En el inevitable debate social, en que se enfrentan concepciones distintas de la sociedad, los adultos deben darse ejemplo de respeto recíproco, sabiendo reconocer siempre la parte de verdad que hay en el otro.
En un Continente de tantos contrastes, es necesario que las personas, las etnias y los países de cultura, creencia o sistema social diferentes, aprendan a aceptarse mutuamente.
Los educadores y los medios de comunicación social juegan a este respecto un pape l primordial. Desgraciadamente, hemos de constatar que la educación sobre la dignidad de la persona, creada a imagen de Dios, no está ciertamente favorecida por los espectáculos de violencia o depravación difundidos muy a menudo por dichos medios de comunicación social: las jóvenes conciencias en formación son desorientadas y el sentido moral de los adultos queda embotado.

Moralizar la vida pública
11. La vida pública, ciertamente, no puede prescindir de los criterios éticos. La paz se consigue ante todo en el terreno de los valores humanos, vividos y transmitidos por los ciudadanos y los pueblos. Cuando se disgrega el tejido moral de una nación hay que temer cualquier cosa.
La memoria vigilante del pasado debería conseguir que nuestros contemporáneos estuvieran atentos a los abusos si empre posibles en el uso de la libertad, que la generación de esta época ha conquistado a costa de tantos sacrificios. El frágil equilibrio de la paz podría verse comprometido si en las conciencias se despertaran males como el odio racial, el menosprecio de los extranjeros, la segregación de los enfermos o de los ancianos, la exclusión de los pobres, el recurso a la violencia privada y colectiva.
A los ciudadanos les toca saber distinguir entre las proposiciones políticas que se inspiran en la razón y en los valores morales. A los Estados corresponde velar para que se eviten las causas de exasperación o de impaciencia de tal o cual grupo desfavorecido de la sociedad.

Llamamiento a Europa
12. A vosotros, hombres de Estado y responsables de las naciones, os repito una vez más mi profunda convicción de que el respeto de Dios y el respeto del hombre son inseparables. Constituyen el principio absoluto que permitirá a los Estados y a los Bloques políticos superar sus antagonismos.
No podemos olvidar, en particular, a Europa donde ha surgido este terrible conflicto y que, durante seis años, ha vivido una verdadera «pasión» que la ha arruinado y dejado desamparada. Desde 1945 somos testigos y operadores de loables esfuerzos encaminados a su reconstrucción material y espiritual.
Ayer, este Continente exportó la guerra: hoy, le toca ser «artesano de paz». Confío en que el mensaje de humanismo y de liberación, herencia de su historia cristiana, pueda fecundar todavía a sus pueblos y siga resplandeciendo en el mundo.
¡Sí, Europa, todos te miran, conscientes de que siempre tienes algo que decir, después del naufragio de aquellos años de fuego: la verdadera civilización no está en la fuerza, sino que es fruto de la victoria sobre nosotros mismos, sobre las potencias de la injusticia, del egoísmo y del odio, que pueden llegar a desfigurar al hombre!

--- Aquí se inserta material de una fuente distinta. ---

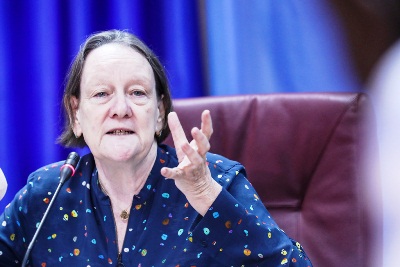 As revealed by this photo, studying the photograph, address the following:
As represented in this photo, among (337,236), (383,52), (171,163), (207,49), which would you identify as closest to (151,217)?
(171,163)

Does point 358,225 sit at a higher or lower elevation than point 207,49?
lower

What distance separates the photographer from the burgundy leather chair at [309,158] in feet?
5.23

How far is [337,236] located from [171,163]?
47 cm

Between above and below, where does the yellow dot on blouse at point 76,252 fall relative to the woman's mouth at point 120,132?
below

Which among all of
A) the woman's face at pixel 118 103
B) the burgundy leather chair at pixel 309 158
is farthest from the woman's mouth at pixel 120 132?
the burgundy leather chair at pixel 309 158

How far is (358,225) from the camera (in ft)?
5.20

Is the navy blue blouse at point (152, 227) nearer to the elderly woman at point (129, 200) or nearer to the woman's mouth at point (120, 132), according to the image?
the elderly woman at point (129, 200)

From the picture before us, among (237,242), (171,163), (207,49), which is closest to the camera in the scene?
(237,242)

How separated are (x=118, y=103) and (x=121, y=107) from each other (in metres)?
0.02

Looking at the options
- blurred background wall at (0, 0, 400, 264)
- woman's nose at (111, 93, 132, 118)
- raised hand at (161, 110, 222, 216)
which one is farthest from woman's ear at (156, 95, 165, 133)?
blurred background wall at (0, 0, 400, 264)

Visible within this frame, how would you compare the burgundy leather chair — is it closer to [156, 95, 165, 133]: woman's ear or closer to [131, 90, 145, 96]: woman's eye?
[156, 95, 165, 133]: woman's ear

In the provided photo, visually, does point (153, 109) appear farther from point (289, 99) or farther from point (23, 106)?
point (23, 106)

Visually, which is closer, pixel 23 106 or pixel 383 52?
pixel 383 52

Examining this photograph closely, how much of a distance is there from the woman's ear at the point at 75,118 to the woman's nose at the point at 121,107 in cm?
17
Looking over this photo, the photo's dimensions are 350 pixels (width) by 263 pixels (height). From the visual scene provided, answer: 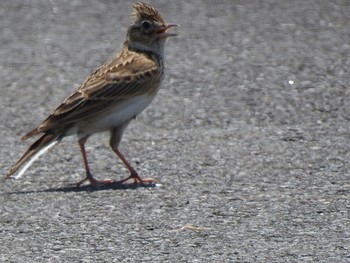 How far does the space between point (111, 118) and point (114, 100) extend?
14cm

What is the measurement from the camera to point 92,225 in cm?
838

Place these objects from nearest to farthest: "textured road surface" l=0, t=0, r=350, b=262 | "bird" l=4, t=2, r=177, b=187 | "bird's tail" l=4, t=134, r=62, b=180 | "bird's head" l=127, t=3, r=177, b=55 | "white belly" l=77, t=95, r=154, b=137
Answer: "textured road surface" l=0, t=0, r=350, b=262 < "bird's tail" l=4, t=134, r=62, b=180 < "bird" l=4, t=2, r=177, b=187 < "white belly" l=77, t=95, r=154, b=137 < "bird's head" l=127, t=3, r=177, b=55

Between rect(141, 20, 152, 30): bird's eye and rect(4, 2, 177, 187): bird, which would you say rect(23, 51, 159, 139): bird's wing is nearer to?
rect(4, 2, 177, 187): bird

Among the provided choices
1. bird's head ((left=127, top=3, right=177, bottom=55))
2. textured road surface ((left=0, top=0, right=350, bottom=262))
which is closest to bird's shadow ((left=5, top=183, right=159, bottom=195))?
textured road surface ((left=0, top=0, right=350, bottom=262))

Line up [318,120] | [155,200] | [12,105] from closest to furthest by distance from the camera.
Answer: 1. [155,200]
2. [318,120]
3. [12,105]

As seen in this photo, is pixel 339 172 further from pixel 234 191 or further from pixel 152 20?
pixel 152 20

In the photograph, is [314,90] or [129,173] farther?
[314,90]

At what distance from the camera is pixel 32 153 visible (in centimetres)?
936

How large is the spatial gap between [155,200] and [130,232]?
80cm

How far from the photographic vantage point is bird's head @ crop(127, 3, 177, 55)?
1021 centimetres

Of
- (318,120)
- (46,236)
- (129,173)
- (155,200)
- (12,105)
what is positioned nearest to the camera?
(46,236)

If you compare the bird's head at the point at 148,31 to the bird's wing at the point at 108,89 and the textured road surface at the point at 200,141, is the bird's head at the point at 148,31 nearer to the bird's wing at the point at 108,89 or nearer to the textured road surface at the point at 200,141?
the bird's wing at the point at 108,89

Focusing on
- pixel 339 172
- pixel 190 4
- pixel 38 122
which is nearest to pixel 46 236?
pixel 339 172

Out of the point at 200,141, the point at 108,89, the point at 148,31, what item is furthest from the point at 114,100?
the point at 200,141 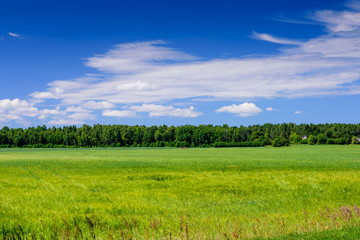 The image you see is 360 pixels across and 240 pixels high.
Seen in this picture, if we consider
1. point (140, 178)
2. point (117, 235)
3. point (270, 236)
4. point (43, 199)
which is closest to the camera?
point (270, 236)

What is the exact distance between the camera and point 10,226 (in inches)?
653

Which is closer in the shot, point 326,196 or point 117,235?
point 117,235

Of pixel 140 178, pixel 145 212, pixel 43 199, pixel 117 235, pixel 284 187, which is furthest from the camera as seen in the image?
pixel 140 178

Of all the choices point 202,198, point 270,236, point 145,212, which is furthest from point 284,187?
point 270,236

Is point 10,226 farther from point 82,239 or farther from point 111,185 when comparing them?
point 111,185

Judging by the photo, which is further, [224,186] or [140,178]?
[140,178]

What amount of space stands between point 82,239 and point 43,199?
10.5 metres

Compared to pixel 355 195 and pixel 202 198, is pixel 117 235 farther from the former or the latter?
pixel 355 195

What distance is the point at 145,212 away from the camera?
19.6 meters

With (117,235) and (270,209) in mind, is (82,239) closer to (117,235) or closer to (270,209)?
(117,235)

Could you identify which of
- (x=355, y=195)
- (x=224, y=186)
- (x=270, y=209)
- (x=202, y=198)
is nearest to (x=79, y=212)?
(x=202, y=198)

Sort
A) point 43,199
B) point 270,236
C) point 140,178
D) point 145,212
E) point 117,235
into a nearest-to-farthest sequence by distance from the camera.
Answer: point 270,236 < point 117,235 < point 145,212 < point 43,199 < point 140,178

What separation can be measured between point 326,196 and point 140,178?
20.3 m

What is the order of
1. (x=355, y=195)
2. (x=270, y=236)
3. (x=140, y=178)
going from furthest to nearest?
(x=140, y=178), (x=355, y=195), (x=270, y=236) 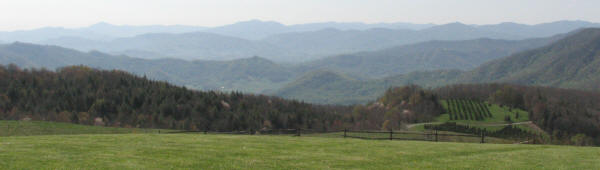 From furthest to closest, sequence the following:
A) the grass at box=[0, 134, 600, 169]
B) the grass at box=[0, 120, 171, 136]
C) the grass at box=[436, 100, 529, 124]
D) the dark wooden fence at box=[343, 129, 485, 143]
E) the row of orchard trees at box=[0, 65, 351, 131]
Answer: the grass at box=[436, 100, 529, 124] < the row of orchard trees at box=[0, 65, 351, 131] < the grass at box=[0, 120, 171, 136] < the dark wooden fence at box=[343, 129, 485, 143] < the grass at box=[0, 134, 600, 169]

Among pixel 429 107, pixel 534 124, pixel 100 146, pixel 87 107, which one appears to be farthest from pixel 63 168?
pixel 429 107

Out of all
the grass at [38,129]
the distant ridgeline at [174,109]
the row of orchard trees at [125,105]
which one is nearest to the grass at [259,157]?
the grass at [38,129]

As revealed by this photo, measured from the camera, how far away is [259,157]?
2712 cm

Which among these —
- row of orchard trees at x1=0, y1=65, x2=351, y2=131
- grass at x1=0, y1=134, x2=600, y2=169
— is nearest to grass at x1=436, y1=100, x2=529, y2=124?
row of orchard trees at x1=0, y1=65, x2=351, y2=131

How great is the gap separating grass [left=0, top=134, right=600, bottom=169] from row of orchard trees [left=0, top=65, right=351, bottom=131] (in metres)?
90.2

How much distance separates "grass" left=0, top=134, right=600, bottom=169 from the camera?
24.2 m

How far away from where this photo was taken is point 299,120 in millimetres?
160750

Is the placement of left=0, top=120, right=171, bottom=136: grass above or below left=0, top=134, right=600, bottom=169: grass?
below

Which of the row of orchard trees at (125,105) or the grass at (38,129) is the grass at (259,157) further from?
the row of orchard trees at (125,105)

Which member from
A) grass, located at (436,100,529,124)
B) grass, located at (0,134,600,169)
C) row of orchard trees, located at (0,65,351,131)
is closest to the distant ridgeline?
row of orchard trees, located at (0,65,351,131)

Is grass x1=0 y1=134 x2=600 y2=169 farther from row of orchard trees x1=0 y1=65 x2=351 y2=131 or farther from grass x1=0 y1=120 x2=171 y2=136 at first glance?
row of orchard trees x1=0 y1=65 x2=351 y2=131

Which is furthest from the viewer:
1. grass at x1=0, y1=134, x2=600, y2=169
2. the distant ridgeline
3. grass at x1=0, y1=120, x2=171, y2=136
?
the distant ridgeline

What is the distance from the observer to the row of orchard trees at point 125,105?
123688mm

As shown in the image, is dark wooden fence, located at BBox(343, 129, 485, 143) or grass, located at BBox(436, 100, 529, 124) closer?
dark wooden fence, located at BBox(343, 129, 485, 143) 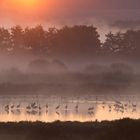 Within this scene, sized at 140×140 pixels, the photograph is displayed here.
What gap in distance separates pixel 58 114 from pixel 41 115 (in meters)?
1.84

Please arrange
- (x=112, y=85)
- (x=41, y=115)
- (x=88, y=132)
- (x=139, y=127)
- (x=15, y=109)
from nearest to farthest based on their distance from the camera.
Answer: (x=139, y=127), (x=88, y=132), (x=41, y=115), (x=15, y=109), (x=112, y=85)

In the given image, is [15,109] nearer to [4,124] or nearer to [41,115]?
[41,115]

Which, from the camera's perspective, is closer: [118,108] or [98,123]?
[98,123]

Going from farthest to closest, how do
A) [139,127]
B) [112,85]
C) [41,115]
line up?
1. [112,85]
2. [41,115]
3. [139,127]

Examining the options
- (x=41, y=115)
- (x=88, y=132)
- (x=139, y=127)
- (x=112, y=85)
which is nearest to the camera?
(x=139, y=127)

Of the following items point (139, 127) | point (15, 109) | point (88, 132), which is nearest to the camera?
point (139, 127)

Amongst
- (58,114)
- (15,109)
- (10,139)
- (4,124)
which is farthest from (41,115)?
(10,139)

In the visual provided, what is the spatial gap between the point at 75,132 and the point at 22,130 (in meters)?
3.17

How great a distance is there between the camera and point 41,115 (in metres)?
53.2

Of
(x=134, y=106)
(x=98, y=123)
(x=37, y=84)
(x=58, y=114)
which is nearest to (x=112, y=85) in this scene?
(x=37, y=84)

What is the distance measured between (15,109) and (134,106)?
11.4 meters

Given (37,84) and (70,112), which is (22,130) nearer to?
(70,112)

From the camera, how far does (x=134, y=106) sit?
61.0 metres

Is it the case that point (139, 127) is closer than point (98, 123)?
Yes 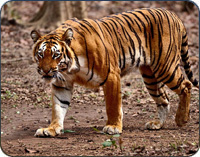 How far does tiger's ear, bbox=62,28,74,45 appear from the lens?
5176 mm

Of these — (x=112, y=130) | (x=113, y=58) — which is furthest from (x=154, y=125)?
(x=113, y=58)

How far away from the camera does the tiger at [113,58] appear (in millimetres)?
5242

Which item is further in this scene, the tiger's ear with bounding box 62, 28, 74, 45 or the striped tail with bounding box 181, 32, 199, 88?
the striped tail with bounding box 181, 32, 199, 88

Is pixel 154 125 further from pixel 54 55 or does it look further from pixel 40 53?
pixel 40 53

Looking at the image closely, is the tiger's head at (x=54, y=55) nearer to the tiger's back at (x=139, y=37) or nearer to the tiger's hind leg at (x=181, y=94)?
the tiger's back at (x=139, y=37)

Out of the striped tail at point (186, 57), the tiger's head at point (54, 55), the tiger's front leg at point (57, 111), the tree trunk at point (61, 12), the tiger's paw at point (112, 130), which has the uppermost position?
the tree trunk at point (61, 12)

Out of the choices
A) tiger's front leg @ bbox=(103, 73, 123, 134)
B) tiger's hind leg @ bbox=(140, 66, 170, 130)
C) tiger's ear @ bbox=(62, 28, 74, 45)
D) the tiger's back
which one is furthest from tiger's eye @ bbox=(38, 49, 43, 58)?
tiger's hind leg @ bbox=(140, 66, 170, 130)

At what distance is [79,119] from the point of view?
6734 millimetres

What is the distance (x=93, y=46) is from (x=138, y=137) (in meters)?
1.31

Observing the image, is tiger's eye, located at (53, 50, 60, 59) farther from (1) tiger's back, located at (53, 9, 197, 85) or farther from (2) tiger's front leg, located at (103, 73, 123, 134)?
(2) tiger's front leg, located at (103, 73, 123, 134)

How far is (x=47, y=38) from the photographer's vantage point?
5.27 m

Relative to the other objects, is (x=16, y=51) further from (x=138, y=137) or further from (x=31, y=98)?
(x=138, y=137)

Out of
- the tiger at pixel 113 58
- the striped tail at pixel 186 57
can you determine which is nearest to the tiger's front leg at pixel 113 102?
the tiger at pixel 113 58

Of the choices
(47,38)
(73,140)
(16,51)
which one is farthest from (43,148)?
(16,51) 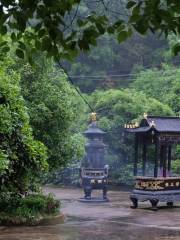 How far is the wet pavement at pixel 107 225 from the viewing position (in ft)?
36.4

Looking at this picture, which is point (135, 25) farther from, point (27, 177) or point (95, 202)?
point (95, 202)

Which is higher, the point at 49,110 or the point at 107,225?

Exhortación a los católicos
13. Al concluir, deseo dirigirme muy particularmente a los pastores y a los fieles de la Iglesia católica.
Acabamos de recordar una de las guerras más sangrientas de la historia, nacida en un Continente de tradición cristiana.
Esta constatación debe estimularnos a un examen de conciencia para ver cómo es la evangelización de Europa. El hundimiento de los valores cristianos, que favoreció los errores de ayer, tiene que hacernos estar atentos sobre la manera en que hoy se anuncia y se vive el Evangelio.
Observamos, por desgracia, que en muchos campos de su existencia el hombre moderno piensa, vive y trabaja como si Dios no existiera. Ahí está el mismo peligro que ayer: el hombre dejado en poder del hombre.
Mientras Europa se prepara para recibir un nuevo semblante, ya que ha habido un desarrollo positivo en algunos países de su parte central y oriental, y los responsables de las naciones colaboran cada vez más para la solución de los grandes problemas de la humanidad, Dios llama a su Iglesia a dar su propia contribución para la llegada de un mundo más fraterno.
Junto con las otras Iglesias cristianas, a pesar de nuestra unidad imperfecta, queremos repetir a la humanidad de hoy que el hombre no es auténtico si no se acepta ante Dios como criatura; que el hombre no es consciente de su dignidad si no reconoce en sí mismo y en los demás la señal de Dios que lo ha creado a su imagen; que no es grande sino en la medida en que su vida es una respuesta al amor de Dios y se pone al servicio de sus hermanos.
Dios no desconfía del hombre. Cristianos, tampoco nosotros podemos desconfiar del hombre, porque sabemos que es siempre más grande que sus errores o sus faltas.
Al recordar la bienaventuranza pronunciada en otro tiempo por el Señor: ¡«Bienaventurados los que trabajan por la paz»! (Mt 5, 9), queremos invitar a todos los hombres a perdonar y a ponerse al servicio los unos de los otros, por Aquel que, en su carne, una vez ha dado en sí mismo «muerte a la Enemistad» (Ef 2, 16).
A María, Reina de la Paz, confío a esta humanidad, encomendando a su materna intercesión la historia de la que somos actores.
¡Para que el mund o no conozca nunca más la inhumanidad y la barbarie que lo ha asolado hace cincuenta años, anunciamos sin cansarnos a «nuestro Señor Jesucristo, por quien hemos obtenido ahora la reconciliación» (Rm 5, 11), prenda de la reconciliación de todos los hombres entre sí!
¡Que su Paz y su Bendición estén con todos vosotros!

Notas
[1] Radiomensaje, 24 de agosto de 1939: AAS 31 (1939), pp. 333-334.
[2] Actes et Documents du Saint Siège à la seconde guerre mondiale, Librería Edittrice Vatiicana, 1970, vol. 1, p. 455.
[3] AAS 37 (1945), p. 166.
[4] 14 de marzo de 1937: AAS 29 (1937), pp. 149 y 171.
[5] Mensaje para la celebración de la Jornada Mundial de la Paz, 8 de diciembre de 1983, n. 4: AA S 76 (1984), p. 295.
[Copyright © Libreria Editrice Vaticana]

martes, 18 de agosto de 2009

Misa Dominical


¿POR QUÉ IR A MISA LOS DOMINGOS?

Porque “sin la Eucaristía no se puede vivir”. Benedicto XVI explica un ejemplo de 49 cristianos en Africa, en el año 304, que pagaron con su vida por asistir a la Misa Dominical.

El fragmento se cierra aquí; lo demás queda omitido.